[Data entries]
++++++++++

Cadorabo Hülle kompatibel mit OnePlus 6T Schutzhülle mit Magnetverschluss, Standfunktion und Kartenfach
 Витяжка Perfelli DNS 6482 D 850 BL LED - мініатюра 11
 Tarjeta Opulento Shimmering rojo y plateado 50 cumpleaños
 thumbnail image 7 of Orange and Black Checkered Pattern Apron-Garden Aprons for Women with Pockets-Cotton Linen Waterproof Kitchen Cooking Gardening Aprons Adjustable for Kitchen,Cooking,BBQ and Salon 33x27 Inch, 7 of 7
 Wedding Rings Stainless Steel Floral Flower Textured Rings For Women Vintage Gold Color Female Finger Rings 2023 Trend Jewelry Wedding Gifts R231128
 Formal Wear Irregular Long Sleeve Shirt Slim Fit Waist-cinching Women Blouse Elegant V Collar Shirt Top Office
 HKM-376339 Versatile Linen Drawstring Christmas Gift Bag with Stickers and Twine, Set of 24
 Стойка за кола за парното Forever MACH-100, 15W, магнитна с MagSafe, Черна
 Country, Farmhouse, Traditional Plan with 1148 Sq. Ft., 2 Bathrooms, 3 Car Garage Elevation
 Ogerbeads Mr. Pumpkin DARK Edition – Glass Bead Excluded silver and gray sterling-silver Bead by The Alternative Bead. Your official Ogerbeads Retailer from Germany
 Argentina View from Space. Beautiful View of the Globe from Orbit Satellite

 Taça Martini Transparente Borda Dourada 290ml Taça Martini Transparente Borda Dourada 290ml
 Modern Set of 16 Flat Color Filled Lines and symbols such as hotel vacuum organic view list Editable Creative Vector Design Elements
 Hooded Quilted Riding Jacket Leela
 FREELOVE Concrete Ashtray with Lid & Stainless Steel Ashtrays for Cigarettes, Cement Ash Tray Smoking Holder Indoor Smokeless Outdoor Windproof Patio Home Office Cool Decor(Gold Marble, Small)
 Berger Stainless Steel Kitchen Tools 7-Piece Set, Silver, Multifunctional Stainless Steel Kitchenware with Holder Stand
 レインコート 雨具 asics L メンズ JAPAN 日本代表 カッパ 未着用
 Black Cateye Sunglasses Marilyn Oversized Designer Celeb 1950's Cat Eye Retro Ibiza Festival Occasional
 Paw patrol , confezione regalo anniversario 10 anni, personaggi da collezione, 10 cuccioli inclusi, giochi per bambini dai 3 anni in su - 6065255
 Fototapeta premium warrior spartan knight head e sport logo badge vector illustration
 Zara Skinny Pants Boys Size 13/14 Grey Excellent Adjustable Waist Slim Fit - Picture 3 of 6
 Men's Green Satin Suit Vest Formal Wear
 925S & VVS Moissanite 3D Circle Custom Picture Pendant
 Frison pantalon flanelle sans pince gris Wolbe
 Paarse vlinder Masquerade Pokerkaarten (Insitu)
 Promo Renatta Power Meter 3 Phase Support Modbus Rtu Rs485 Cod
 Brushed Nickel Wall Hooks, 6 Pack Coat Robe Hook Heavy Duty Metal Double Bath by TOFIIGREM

++++++++++

*ASSIGNMENT*.
The lines to output run from the one containing "Hooded Quilted Riding Jacket Leela" to the last line of the entries; give them back exactly.

*PROBLEM SOLUTION*.
 Hooded Quilted Riding Jacket Leela
 FREELOVE Concrete Ashtray with Lid & Stainless Steel Ashtrays for Cigarettes, Cement Ash Tray Smoking Holder Indoor Smokeless Outdoor Windproof Patio Home Office Cool Decor(Gold Marble, Small)
 Berger Stainless Steel Kitchen Tools 7-Piece Set, Silver, Multifunctional Stainless Steel Kitchenware with Holder Stand
 レインコート 雨具 asics L メンズ JAPAN 日本代表 カッパ 未着用
 Black Cateye Sunglasses Marilyn Oversized Designer Celeb 1950's Cat Eye Retro Ibiza Festival Occasional
 Paw patrol , confezione regalo anniversario 10 anni, personaggi da collezione, 10 cuccioli inclusi, giochi per bambini dai 3 anni in su - 6065255
 Fototapeta premium warrior spartan knight head e sport logo badge vector illustration
 Zara Skinny Pants Boys Size 13/14 Grey Excellent Adjustable Waist Slim Fit - Picture 3 of 6
 Men's Green Satin Suit Vest Formal Wear
 925S & VVS Moissanite 3D Circle Custom Picture Pendant
 Frison pantalon flanelle sans pince gris Wolbe
 Paarse vlinder Masquerade Pokerkaarten (Insitu)
 Promo Renatta Power Meter 3 Phase Support Modbus Rtu Rs485 Cod
 Brushed Nickel Wall Hooks, 6 Pack Coat Robe Hook Heavy Duty Metal Double Bath by TOFIIGREM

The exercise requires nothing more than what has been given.